◆ Requirement
Print exactly, and only, the lines from the one that has "Lot 205 - A" through the end of the material below, with both ends included and the pictures omitted.

◆ Data shown
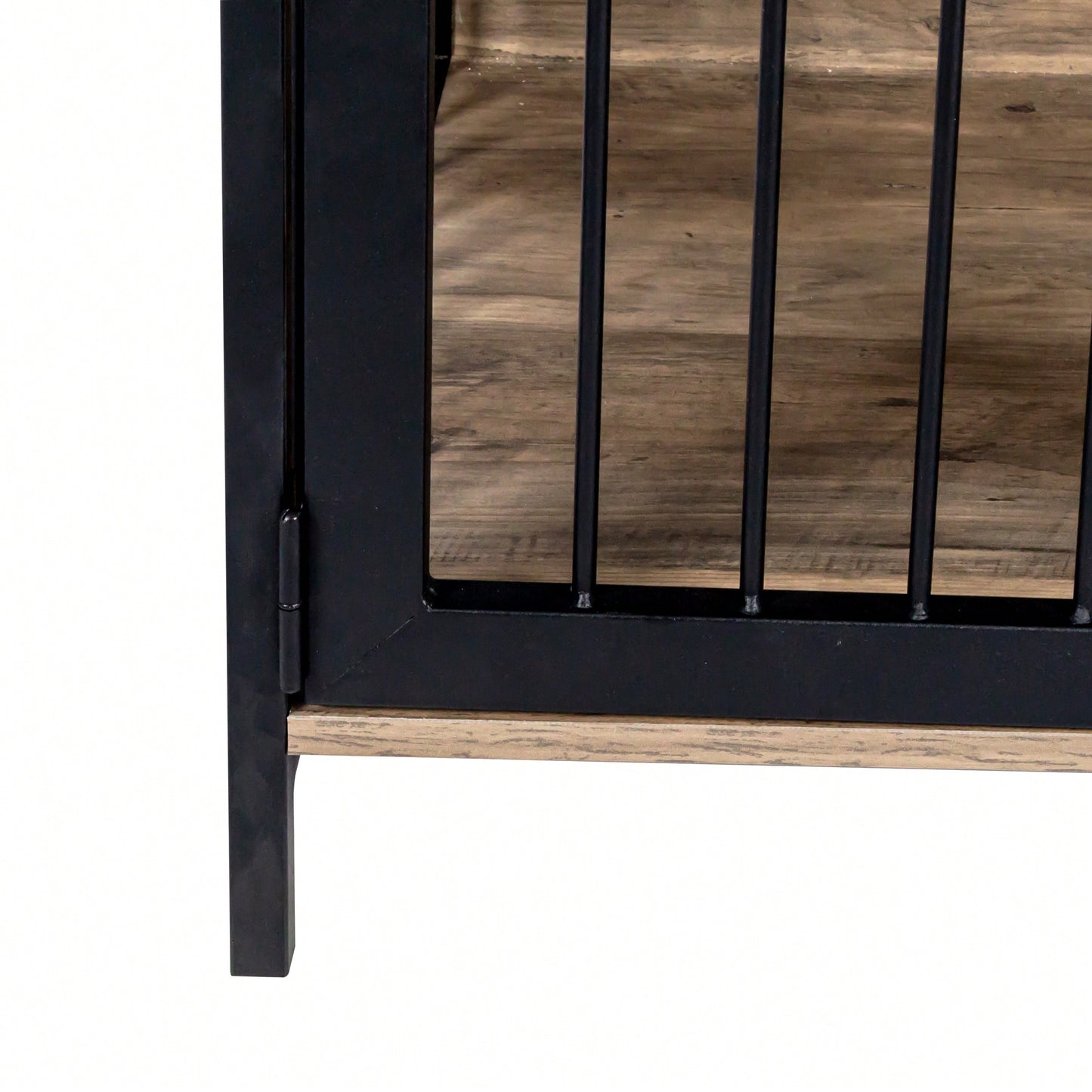 Stylish Wooden Dog Crate Furniture For Large And Medium Breeds With Double Doors Indoor Kennel Solution
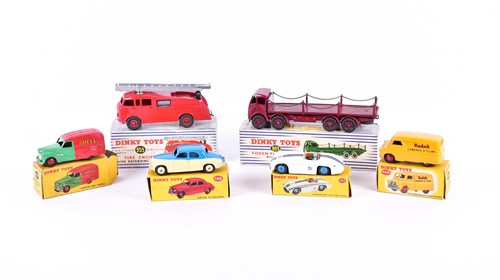 Lot 205 - A Dinky Toys 156 Rover 75 Saloon, two-tone...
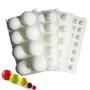 Imagem de Molde De Silicone Para Chocolate, Molde 3d De Meia Esfera Para Bolo, Bandeja De Cozimento De Trufas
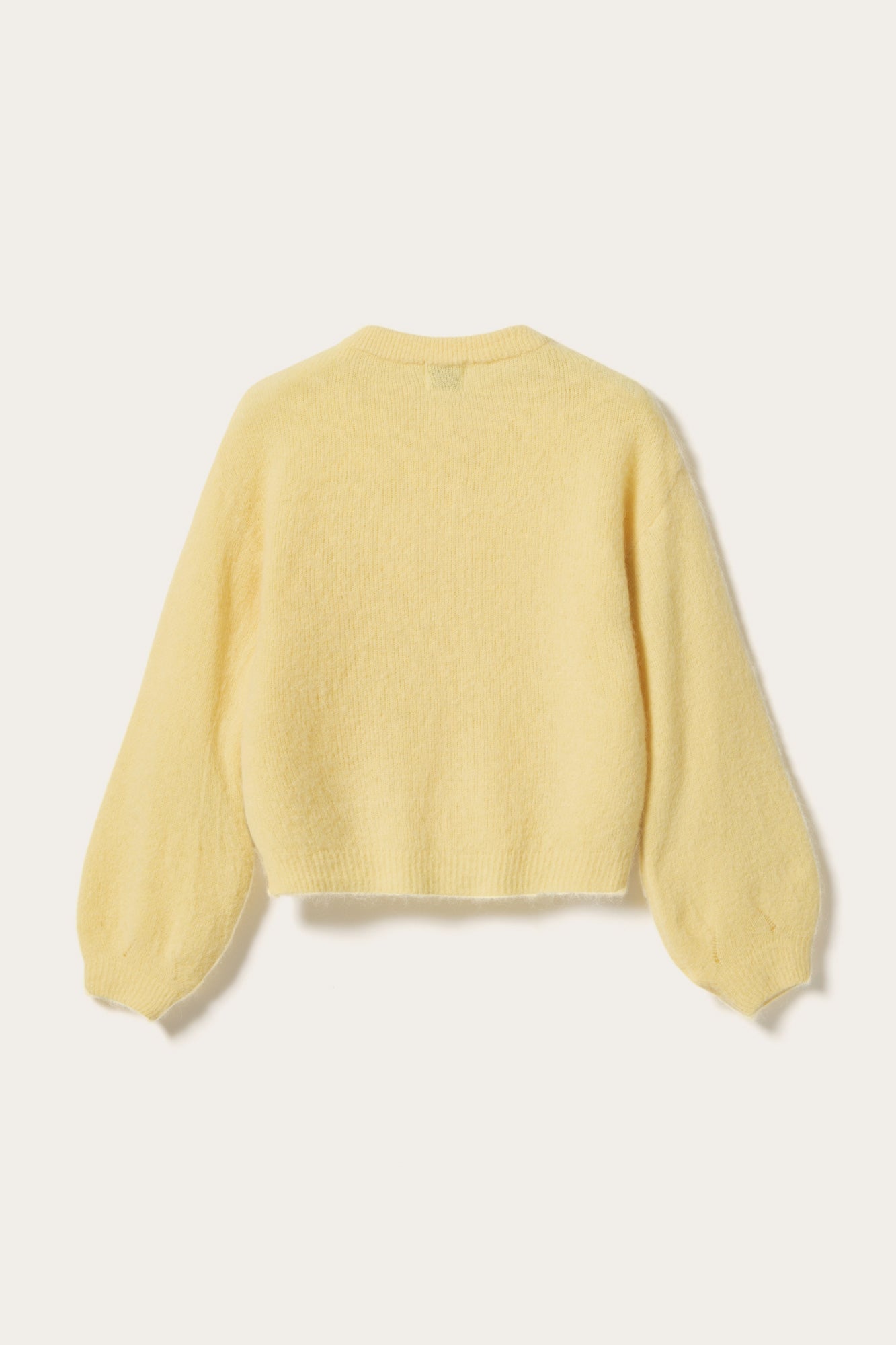 Kae Knit Cardigan Light Yellow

◆ Solution
 Lot 205 - A Dinky Toys 156 Rover 75 Saloon, two-tone...
 Imagem de Molde De Silicone Para Chocolate, Molde 3d De Meia Esfera Para Bolo, Bandeja De Cozimento De Trufas
 Kae Knit Cardigan Light Yellow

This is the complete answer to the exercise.